- Is there concrete evidence that most asset managers create alpha, or are they just creating beta?
- Let’s propose a curious experiment based on events in Alice Through The Looking Glass that reverses the whole asset management allocation process.
- We are likely to find the market is a type of random walk and very few asset managers could possibly be creating sustained alpha.
Given the now huge ubiquity of both mainstream and also alternative fund mangers, the issue of whether many fund managers are really able to generate alpha continues to be a hot topic. My opinion is very few do. Most fund managers instead just create beta – i.e. they take and generate systematic risk and hope that things will turn out for the better. There simply isn’t enough yield or growth in Western economies for any other strategy.
I would therefore like to propose an experiment that might once and for all settle whether most fund managers create any alpha at all (again including the now thousands of alternative managers).
My experiment is derived from a scene in “Alice Through the Looking Glass,” by Lewis Carroll. Carroll describes a scenario where the process of criminal justice is reversed. A person is put in jail first, then tried and then commits the crime (if indeed they did commit the crime). This seems somewhat unfair for if a person did not commit the crime he has been punished for nothing. But as the white King explains to Alice in that case – so much the better, for at least then no crime was committed!

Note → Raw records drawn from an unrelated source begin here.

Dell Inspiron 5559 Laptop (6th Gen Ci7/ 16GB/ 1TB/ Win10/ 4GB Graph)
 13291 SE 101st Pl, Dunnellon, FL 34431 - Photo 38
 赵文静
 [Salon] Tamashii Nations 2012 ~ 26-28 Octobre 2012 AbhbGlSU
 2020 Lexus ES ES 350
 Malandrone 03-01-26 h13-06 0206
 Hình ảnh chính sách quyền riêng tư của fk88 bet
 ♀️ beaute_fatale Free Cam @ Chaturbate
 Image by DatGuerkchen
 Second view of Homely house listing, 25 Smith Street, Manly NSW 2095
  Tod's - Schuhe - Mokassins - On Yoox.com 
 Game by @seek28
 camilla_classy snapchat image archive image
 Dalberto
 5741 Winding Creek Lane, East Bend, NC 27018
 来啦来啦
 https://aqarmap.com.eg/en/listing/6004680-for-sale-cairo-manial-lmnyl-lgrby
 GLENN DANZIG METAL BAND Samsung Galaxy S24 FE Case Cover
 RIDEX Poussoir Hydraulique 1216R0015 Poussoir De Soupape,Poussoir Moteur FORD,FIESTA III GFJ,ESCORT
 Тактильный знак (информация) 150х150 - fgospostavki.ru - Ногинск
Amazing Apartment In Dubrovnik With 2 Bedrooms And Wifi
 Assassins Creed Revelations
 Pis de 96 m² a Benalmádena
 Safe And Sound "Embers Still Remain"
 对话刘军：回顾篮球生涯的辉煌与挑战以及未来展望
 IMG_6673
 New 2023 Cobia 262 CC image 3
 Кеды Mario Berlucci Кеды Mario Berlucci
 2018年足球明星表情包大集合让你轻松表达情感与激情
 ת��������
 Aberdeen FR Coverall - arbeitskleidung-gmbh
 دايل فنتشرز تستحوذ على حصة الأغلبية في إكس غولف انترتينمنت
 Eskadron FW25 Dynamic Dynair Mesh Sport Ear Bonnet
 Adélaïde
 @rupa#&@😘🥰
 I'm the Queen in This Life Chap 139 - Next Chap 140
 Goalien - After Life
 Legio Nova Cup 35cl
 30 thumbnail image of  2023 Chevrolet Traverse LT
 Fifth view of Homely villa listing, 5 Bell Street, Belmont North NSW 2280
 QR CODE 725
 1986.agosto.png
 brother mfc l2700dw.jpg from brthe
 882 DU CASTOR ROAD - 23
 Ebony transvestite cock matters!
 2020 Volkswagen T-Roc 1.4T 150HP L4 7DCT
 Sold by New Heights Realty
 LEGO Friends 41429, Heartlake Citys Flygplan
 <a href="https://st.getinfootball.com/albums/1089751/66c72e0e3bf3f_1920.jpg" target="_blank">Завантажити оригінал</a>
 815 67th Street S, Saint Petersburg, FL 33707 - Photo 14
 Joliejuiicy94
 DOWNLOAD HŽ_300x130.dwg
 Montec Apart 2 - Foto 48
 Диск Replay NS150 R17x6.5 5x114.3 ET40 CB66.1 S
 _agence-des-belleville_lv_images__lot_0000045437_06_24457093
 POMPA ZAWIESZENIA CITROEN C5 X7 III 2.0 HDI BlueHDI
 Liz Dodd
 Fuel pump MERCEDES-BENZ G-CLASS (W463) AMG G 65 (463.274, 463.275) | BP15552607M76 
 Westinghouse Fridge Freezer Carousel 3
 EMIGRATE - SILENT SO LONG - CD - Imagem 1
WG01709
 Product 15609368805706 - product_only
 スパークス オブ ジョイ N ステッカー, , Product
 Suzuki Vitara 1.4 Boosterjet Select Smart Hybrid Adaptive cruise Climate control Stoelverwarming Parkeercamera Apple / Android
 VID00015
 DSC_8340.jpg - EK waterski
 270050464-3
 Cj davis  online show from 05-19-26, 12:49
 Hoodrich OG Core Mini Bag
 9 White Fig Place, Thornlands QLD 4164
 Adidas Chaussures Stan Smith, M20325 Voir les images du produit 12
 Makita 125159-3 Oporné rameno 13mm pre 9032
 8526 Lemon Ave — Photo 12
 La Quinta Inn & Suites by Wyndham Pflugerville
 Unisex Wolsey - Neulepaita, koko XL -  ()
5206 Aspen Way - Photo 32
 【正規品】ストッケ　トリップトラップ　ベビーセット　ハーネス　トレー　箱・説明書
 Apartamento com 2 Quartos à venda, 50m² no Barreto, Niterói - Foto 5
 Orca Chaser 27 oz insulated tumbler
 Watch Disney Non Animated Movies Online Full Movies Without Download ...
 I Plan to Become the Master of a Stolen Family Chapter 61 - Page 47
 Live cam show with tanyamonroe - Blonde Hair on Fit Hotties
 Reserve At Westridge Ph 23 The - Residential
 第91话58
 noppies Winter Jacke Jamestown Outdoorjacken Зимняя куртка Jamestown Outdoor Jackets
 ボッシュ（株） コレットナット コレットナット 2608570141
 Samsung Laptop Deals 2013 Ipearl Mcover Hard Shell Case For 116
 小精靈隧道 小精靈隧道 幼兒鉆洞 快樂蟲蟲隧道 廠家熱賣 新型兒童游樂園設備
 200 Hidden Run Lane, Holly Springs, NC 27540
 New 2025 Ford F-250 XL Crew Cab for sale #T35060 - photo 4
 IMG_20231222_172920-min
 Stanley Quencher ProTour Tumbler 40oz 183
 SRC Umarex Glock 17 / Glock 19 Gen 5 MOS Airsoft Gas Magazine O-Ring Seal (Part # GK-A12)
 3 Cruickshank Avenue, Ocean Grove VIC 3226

Odd logic indeed, but let’s imagine something similar for fund managers – and this is something that could really be implemented. A manager is told, ab initio, whether he has made a gain or loss on a given position of stocks that he favors, say, over a week. Having found this out the fund manager must then make the investment (which is permitted to be booked one week later). He must make the investment whether he lost money or made it, or else we will say he will get ejected by the relevant regulatory authorities from participating in the market.